With the introduction of new multiprocessor systems with cache coherent NUMA architectures came the problem of adapting previously uniprocessor operating systems to this new hardware. This is difficult because modification of existing OS’s takes significant implementation time and efforts, not to mention that different application workloads may require different OS support.
The authors introduce Disco, a virtual machine monitor which sits between the raw hardware of the machine and a set of virtual machines running on top of it which can each support a separate commodity OS. This allows any OS developed to run on top of Disco, even if it doesn’t know how to handle a multprocessor system or the NUMA architecture - this in turn reduces development effort and leads to less buggy code.
Disco tackles several problems which had previously plagued virtual machines:
Disco handles overhead by assigning each VM a virtual CPU which runs in supervisor mode (one level above kernel mode). Most instructions execute directly on hardware, but privileged instructions are trapped to Disco, which can then handle them appropriately. By interposing between disk and the VMs, Disco is also able to make good decisions regarding data replication across processors as well as dynamic page migration to the processor which is using it most.

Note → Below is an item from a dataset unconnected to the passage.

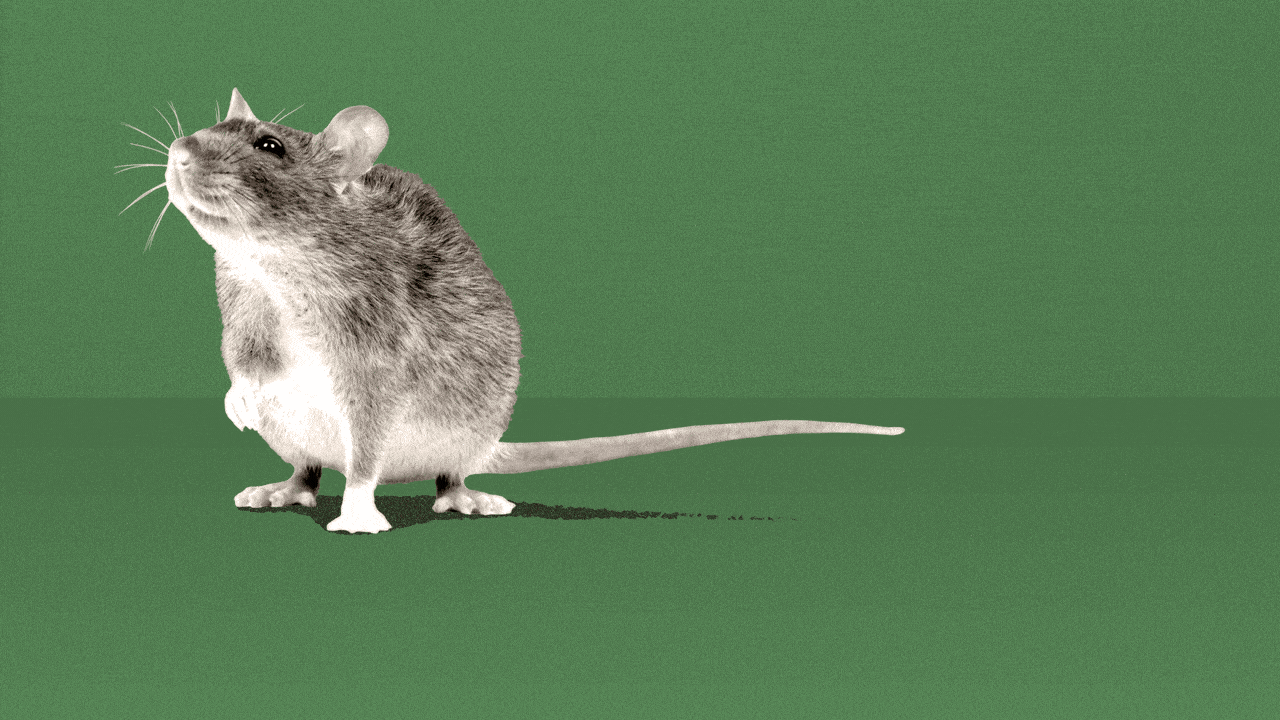 Boston to host national rat summit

Disco also manages memory transparently by maintaining mappings from VA to PA to MA for each VM. Using this simple mapping it can then provide a series of nice abstractions, for example to share a page between VMs, it simply maps this page in the physical address space for each VM. Similar tricks are used to allow communication between VMs (through a virtual subnet).

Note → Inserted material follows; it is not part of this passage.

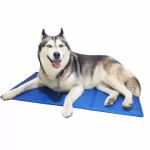 Pet Cooling Mat Supplier - Factory Supply Pet Cat Pad Cooling Mat for Dog OEM ODM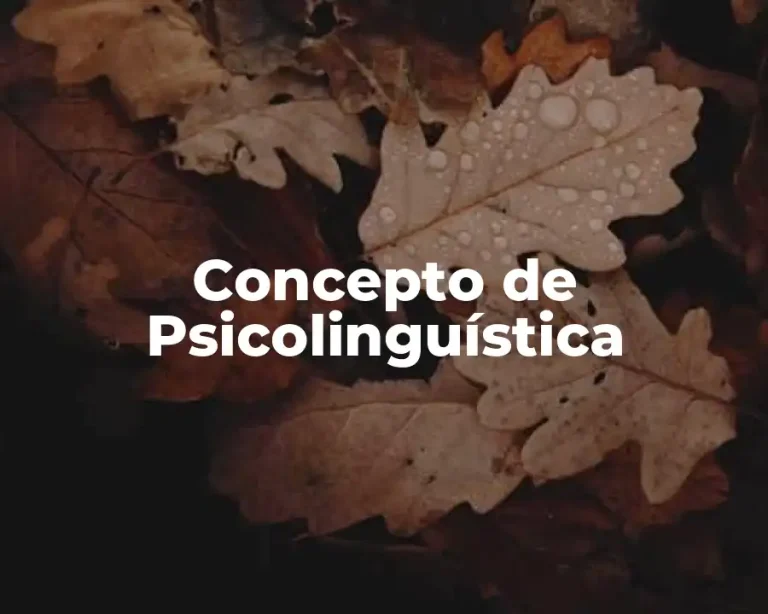 Concepto de Psicolinguística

It’s not clear that it’s necessary to provide such a broad interface to hardware for each OS running on top of Disco. Since Disco here is essentially acting as a more minimal operating system layer under several other OS’s, maybe it makes sense for Disco to provide a subset of functionality and then require guest OS’s to adhere to this interface. On the other hand, this approach would definitely increase the development overhead necessary to run an OS on Disco.

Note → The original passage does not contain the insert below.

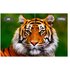Epson EH-LS11000W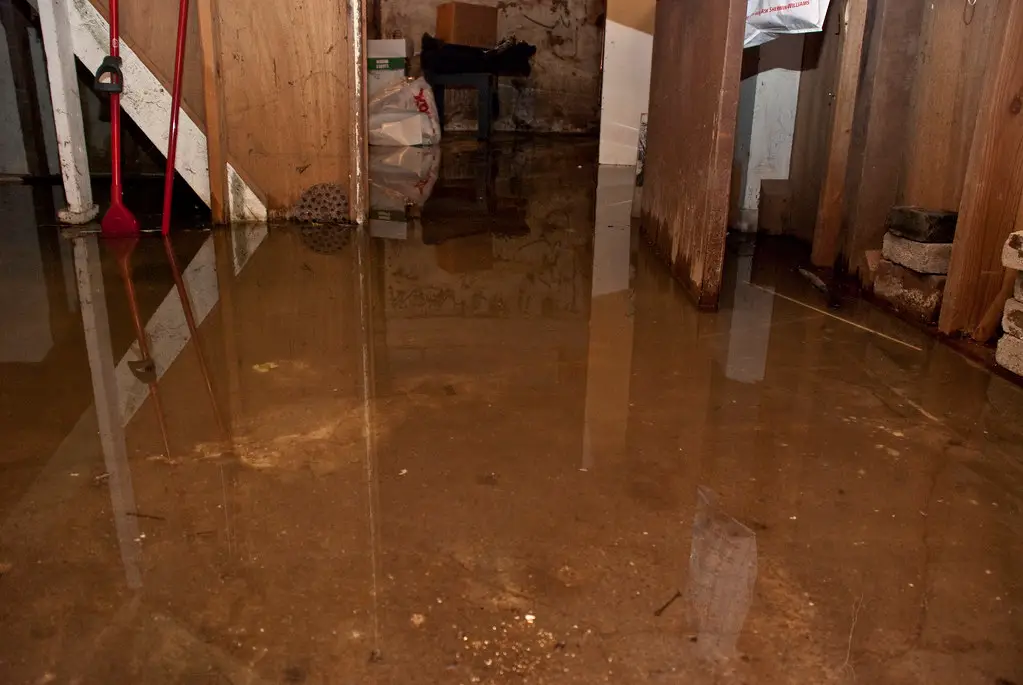 Flooded Basement Repair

Since this work led directly to the foundation of VMWare and a new era of virtualization in computing systems (see Amazon EC2), it’s clear that this work was immensely impactful. The developmental burden that existed before technologies such as Disco were a significant blocker to innovation, and VMMs allowed creation of OS’s which ran on top of virtualized hardware. This led to a host of other features such as the ability to transparently migrate VM’s across VMM’s and provide security and isolation for VM’s running in a multi-tenant environment.